* **Task to carry out**: Write out, exactly and only, the lines that run from the top of the records to the line with "Equipo de Prueba". Include both ends; exclude pictures.

* **Data extract**:
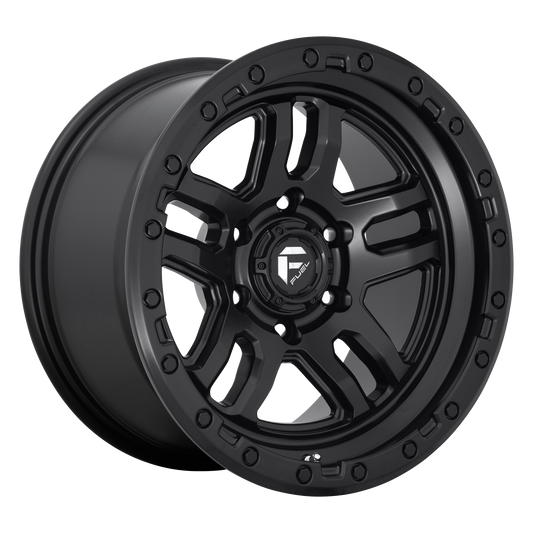 Fuel 2PC D211 TRITON 22x14 -70 6x135/6x139.7/6x135/5.5 CHROME PLATED GLOSS BLACK LIP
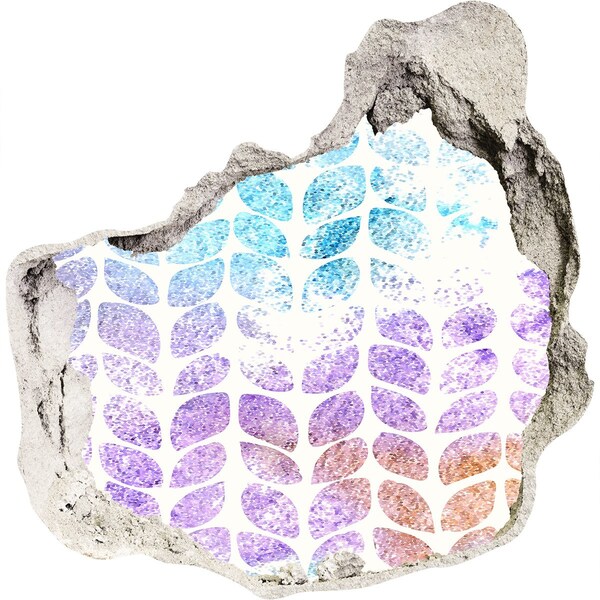 Fali matrica lyuk a falban Lyuk a falban virágminták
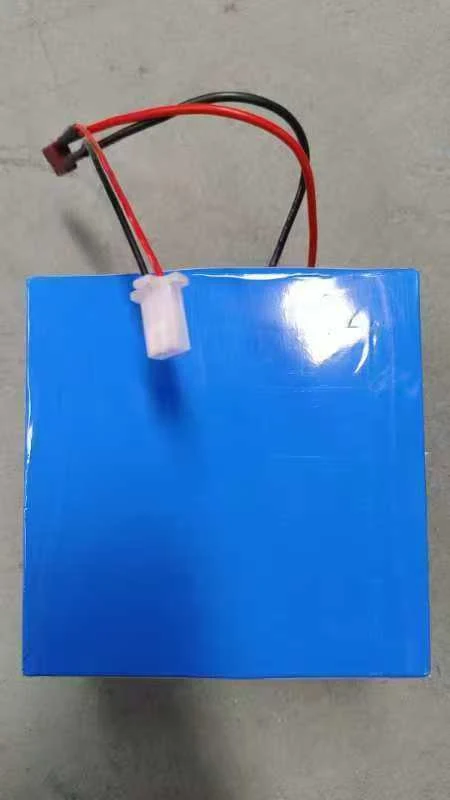 Another battery photographed by the customer; handling requirements depend on its model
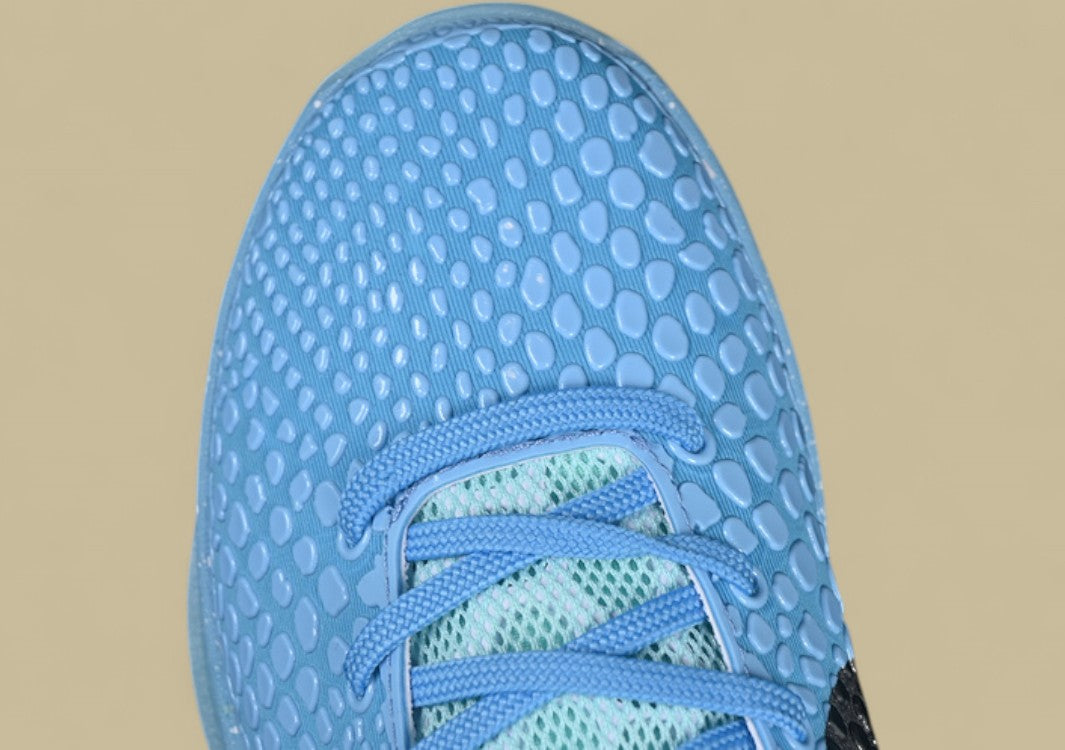 Nike Kobe "Blue Black" Scaled Texture Basketball Shoes with Speckled Midsole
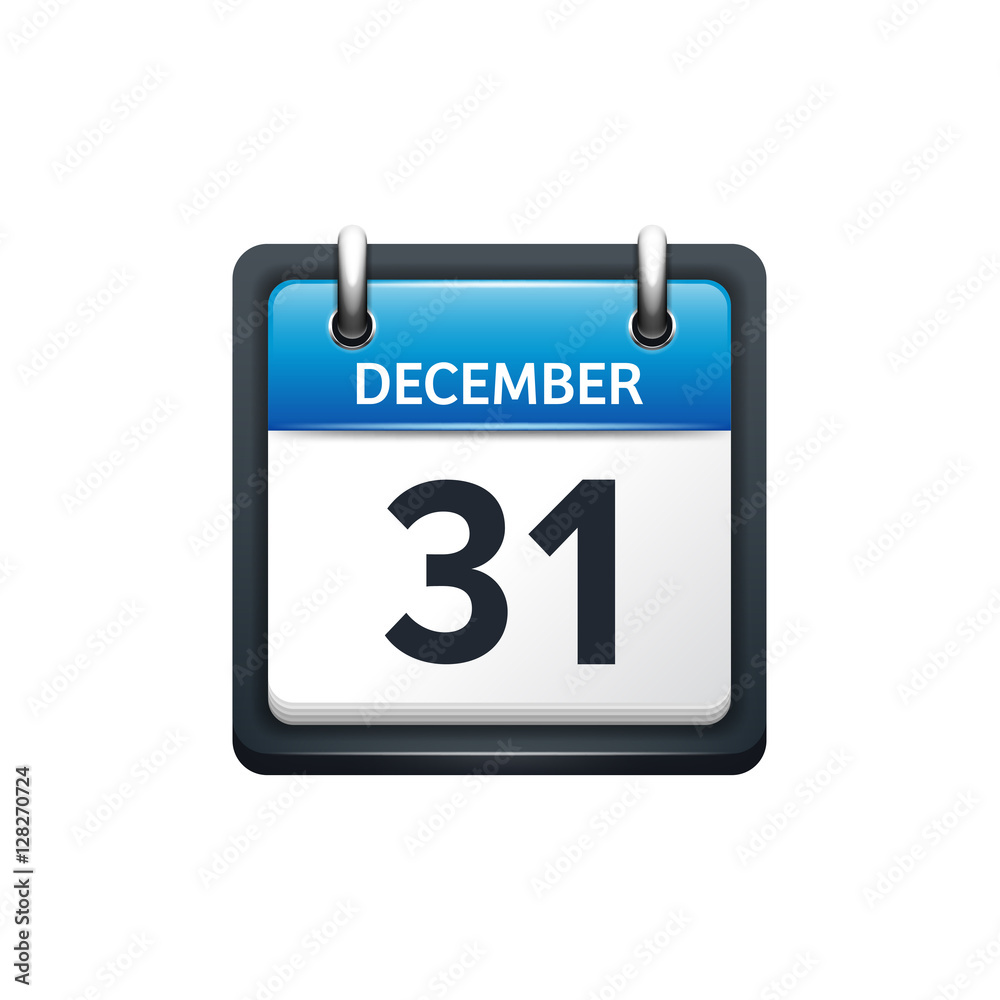 December 31. Calendar icon.Vector illustration,flat style.Month and date.Sunday,Monday,Tuesday,Wednesday,Thursday,Friday,Saturday.Week,weekend,red letter day. 2017,2018 year.Holidays. December 31. Calendar icon.Vector illustration,flat style.Month and date.Sunday,Monday,Tuesday,Wednesday,Thursday,Friday,Saturday.Week,weekend,red letter day. 2017,2018 year.Holidays.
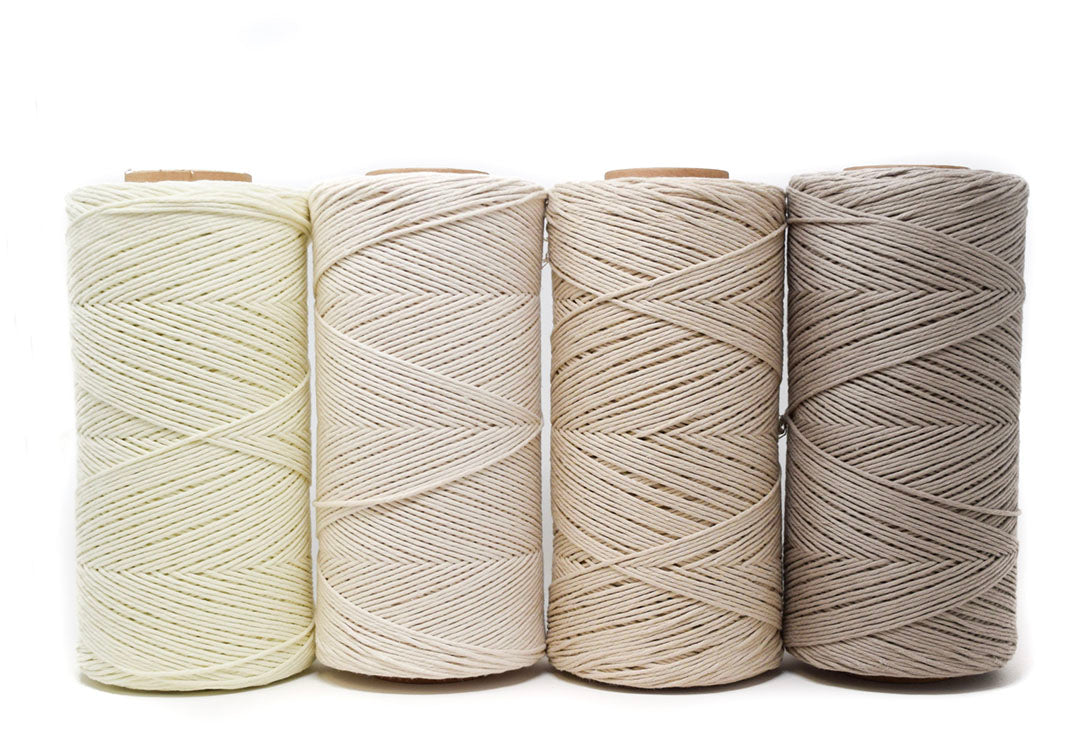 SOFT COTTON CORD ZERO WASTE 2 MM - 1 SINGLE STRAND - OAT COLOR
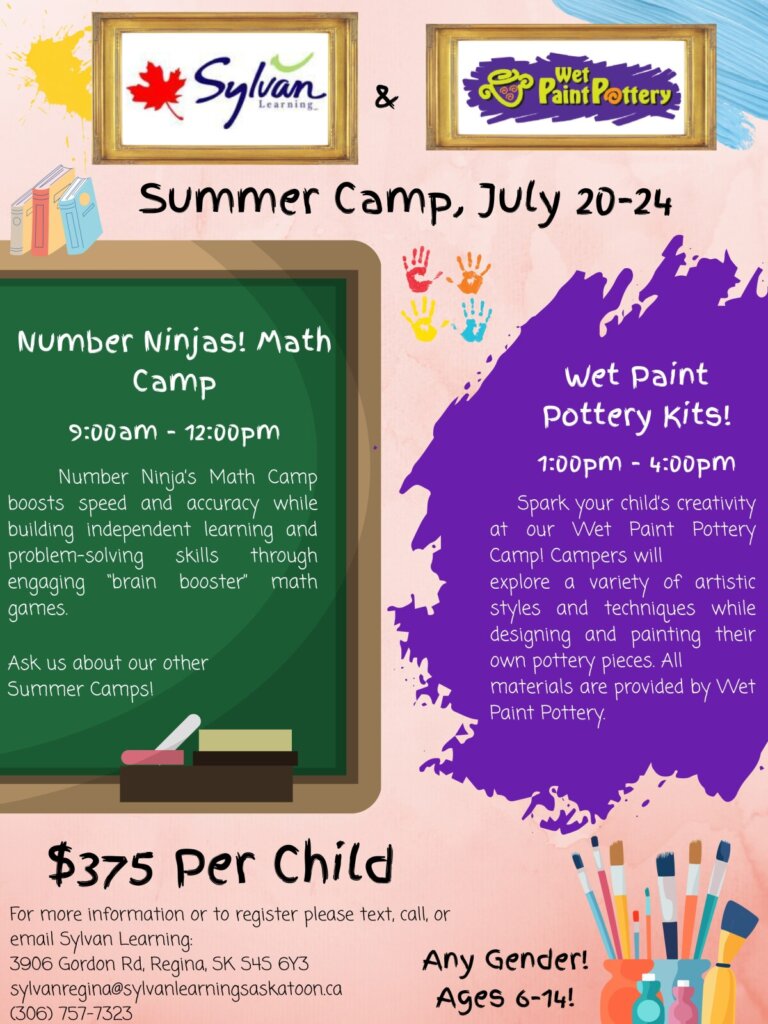 Regina Wet Paint Pottery - July 20-24
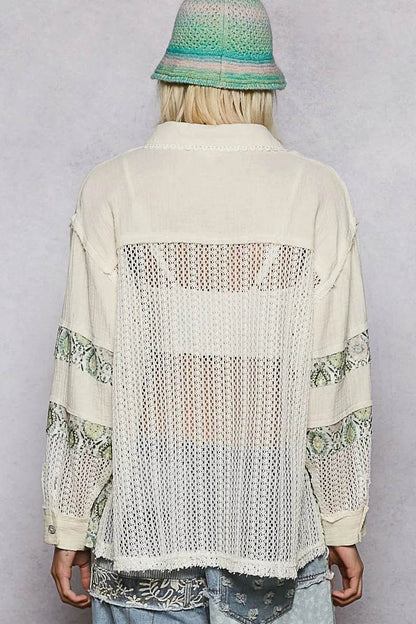 POL Printed Crochet Patchwork Button-Up Shirt Trendsi 992d19da-967c-4a26-803a-72308b351474-Max-Origin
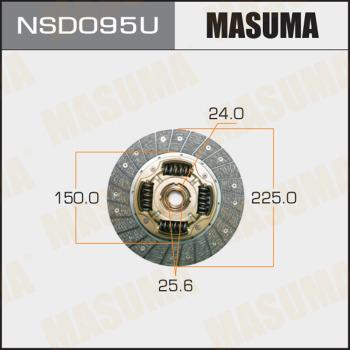 MASUMA NSD095U - Clutch Disc autospares.lv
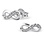 KAYA sieraden Silver earrings 'Infinity Crystal'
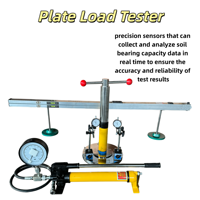 Equipo de Prueba de Carga de Placas de 30KN, 50KN, 100KN para Suelos y Bases de Carreteras, Dispositivo de Prueba de Capacidad Portante para Suelos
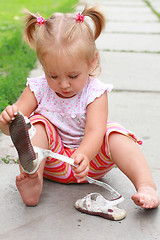 Image showing Very busy little girl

* **Solution to this exercise**:
 Fuel 2PC D211 TRITON 22x14 -70 6x135/6x139.7/6x135/5.5 CHROME PLATED GLOSS BLACK LIP
 Fali matrica lyuk a falban Lyuk a falban virágminták
 Another battery photographed by the customer; handling requirements depend on its model
 Nike Kobe "Blue Black" Scaled Texture Basketball Shoes with Speckled Midsole
 December 31. Calendar icon.Vector illustration,flat style.Month and date.Sunday,Monday,Tuesday,Wednesday,Thursday,Friday,Saturday.Week,weekend,red letter day. 2017,2018 year.Holidays. December 31. Calendar icon.Vector illustration,flat style.Month and date.Sunday,Monday,Tuesday,Wednesday,Thursday,Friday,Saturday.Week,weekend,red letter day. 2017,2018 year.Holidays.
 SOFT COTTON CORD ZERO WASTE 2 MM - 1 SINGLE STRAND - OAT COLOR
 Regina Wet Paint Pottery - July 20-24
 POL Printed Crochet Patchwork Button-Up Shirt Trendsi 992d19da-967c-4a26-803a-72308b351474-Max-Origin
 MASUMA NSD095U - Clutch Disc autospares.lv
 KAYA sieraden Silver earrings 'Infinity Crystal'
 Equipo de Prueba de Carga de Placas de 30KN, 50KN, 100KN para Suelos y Bases de Carreteras, Dispositivo de Prueba de Capacidad Portante para Suelos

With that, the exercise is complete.